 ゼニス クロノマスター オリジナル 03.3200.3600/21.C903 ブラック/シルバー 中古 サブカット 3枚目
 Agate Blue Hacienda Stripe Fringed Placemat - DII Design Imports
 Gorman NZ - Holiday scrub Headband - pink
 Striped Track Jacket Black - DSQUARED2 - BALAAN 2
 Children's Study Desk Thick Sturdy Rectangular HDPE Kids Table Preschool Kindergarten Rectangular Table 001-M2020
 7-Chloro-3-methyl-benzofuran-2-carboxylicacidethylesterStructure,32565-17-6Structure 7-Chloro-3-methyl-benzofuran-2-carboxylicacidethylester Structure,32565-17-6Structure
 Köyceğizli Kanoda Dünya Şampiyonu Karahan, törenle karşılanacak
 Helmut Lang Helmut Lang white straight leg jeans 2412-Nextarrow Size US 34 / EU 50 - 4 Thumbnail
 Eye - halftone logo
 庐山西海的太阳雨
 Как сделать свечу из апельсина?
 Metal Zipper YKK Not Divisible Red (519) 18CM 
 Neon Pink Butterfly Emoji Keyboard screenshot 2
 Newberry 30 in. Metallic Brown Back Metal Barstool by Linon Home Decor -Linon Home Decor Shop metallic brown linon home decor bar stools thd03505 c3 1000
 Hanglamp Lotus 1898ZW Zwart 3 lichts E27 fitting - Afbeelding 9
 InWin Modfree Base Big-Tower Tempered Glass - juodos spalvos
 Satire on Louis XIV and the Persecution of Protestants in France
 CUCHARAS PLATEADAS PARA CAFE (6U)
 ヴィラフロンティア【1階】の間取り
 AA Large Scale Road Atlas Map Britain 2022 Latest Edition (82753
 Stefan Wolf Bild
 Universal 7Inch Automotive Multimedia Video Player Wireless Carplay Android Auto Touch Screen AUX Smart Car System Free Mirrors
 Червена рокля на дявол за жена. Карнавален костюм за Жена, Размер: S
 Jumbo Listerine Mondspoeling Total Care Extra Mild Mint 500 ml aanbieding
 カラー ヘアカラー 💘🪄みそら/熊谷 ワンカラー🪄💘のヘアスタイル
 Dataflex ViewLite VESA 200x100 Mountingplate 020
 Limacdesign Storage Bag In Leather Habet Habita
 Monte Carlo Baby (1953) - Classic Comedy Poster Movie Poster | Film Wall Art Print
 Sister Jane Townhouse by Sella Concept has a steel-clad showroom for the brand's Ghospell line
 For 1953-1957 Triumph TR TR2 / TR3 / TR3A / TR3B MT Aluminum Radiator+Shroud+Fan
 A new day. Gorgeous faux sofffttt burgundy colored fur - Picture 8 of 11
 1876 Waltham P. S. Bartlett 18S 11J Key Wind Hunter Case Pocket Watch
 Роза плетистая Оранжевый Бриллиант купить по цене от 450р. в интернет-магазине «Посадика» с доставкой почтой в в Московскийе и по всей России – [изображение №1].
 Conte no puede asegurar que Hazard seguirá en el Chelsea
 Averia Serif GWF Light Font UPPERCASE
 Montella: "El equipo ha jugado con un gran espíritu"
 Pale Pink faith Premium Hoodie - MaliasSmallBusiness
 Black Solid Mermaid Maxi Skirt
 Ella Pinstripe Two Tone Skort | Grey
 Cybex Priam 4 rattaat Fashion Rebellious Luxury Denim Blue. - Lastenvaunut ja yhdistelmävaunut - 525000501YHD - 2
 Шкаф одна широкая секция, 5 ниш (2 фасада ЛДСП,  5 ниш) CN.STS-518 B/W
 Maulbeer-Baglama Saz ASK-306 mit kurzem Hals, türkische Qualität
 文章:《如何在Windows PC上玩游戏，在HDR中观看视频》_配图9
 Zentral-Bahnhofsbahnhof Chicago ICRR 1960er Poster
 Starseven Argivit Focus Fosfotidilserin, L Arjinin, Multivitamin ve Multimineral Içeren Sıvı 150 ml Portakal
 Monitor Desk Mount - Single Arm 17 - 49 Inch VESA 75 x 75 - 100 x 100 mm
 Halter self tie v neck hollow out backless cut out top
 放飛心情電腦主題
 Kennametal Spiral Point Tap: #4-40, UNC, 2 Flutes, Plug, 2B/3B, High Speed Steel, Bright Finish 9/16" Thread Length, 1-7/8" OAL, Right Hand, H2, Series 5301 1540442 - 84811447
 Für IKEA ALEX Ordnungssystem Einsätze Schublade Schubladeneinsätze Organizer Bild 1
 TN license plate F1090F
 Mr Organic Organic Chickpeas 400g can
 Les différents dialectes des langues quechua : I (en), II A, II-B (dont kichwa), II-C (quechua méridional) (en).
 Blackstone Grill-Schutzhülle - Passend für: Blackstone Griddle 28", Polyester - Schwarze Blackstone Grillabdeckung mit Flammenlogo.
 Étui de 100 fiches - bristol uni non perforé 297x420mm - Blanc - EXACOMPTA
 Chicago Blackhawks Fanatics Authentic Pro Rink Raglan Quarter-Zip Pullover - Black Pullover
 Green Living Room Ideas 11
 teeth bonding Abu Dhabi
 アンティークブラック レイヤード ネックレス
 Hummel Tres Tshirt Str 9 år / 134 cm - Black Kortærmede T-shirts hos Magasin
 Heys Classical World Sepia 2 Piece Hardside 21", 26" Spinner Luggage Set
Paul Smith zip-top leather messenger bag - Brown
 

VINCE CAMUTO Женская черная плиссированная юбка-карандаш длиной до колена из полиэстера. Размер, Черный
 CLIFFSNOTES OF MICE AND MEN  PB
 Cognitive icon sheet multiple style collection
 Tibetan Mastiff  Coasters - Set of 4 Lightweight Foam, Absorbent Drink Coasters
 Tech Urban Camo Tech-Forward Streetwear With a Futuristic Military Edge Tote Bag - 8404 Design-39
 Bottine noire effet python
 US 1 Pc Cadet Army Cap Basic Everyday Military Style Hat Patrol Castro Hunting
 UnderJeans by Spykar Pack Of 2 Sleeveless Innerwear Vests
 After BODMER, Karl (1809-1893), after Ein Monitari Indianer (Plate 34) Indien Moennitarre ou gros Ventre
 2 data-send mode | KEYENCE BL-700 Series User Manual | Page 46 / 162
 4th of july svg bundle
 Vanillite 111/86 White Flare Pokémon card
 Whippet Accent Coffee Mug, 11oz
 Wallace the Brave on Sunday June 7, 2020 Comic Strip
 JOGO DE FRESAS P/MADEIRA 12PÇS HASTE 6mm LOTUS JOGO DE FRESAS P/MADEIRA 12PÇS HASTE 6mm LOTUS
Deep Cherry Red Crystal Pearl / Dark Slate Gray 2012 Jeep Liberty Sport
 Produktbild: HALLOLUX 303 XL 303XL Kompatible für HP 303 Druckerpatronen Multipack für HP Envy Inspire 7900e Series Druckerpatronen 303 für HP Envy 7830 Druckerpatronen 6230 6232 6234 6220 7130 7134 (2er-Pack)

****************

Instructions to follow
Start with the first line of the data and print every line exactly. The line containing "Hanglamp Lotus 1898ZW" is the last one to include.

Response to the exercise
 ゼニス クロノマスター オリジナル 03.3200.3600/21.C903 ブラック/シルバー 中古 サブカット 3枚目
 Agate Blue Hacienda Stripe Fringed Placemat - DII Design Imports
 Gorman NZ - Holiday scrub Headband - pink
 Striped Track Jacket Black - DSQUARED2 - BALAAN 2
 Children's Study Desk Thick Sturdy Rectangular HDPE Kids Table Preschool Kindergarten Rectangular Table 001-M2020
 7-Chloro-3-methyl-benzofuran-2-carboxylicacidethylesterStructure,32565-17-6Structure 7-Chloro-3-methyl-benzofuran-2-carboxylicacidethylester Structure,32565-17-6Structure
 Köyceğizli Kanoda Dünya Şampiyonu Karahan, törenle karşılanacak
 Helmut Lang Helmut Lang white straight leg jeans 2412-Nextarrow Size US 34 / EU 50 - 4 Thumbnail
 Eye - halftone logo
 庐山西海的太阳雨
 Как сделать свечу из апельсина?
 Metal Zipper YKK Not Divisible Red (519) 18CM 
 Neon Pink Butterfly Emoji Keyboard screenshot 2
 Newberry 30 in. Metallic Brown Back Metal Barstool by Linon Home Decor -Linon Home Decor Shop metallic brown linon home decor bar stools thd03505 c3 1000
 Hanglamp Lotus 1898ZW Zwart 3 lichts E27 fitting - Afbeelding 9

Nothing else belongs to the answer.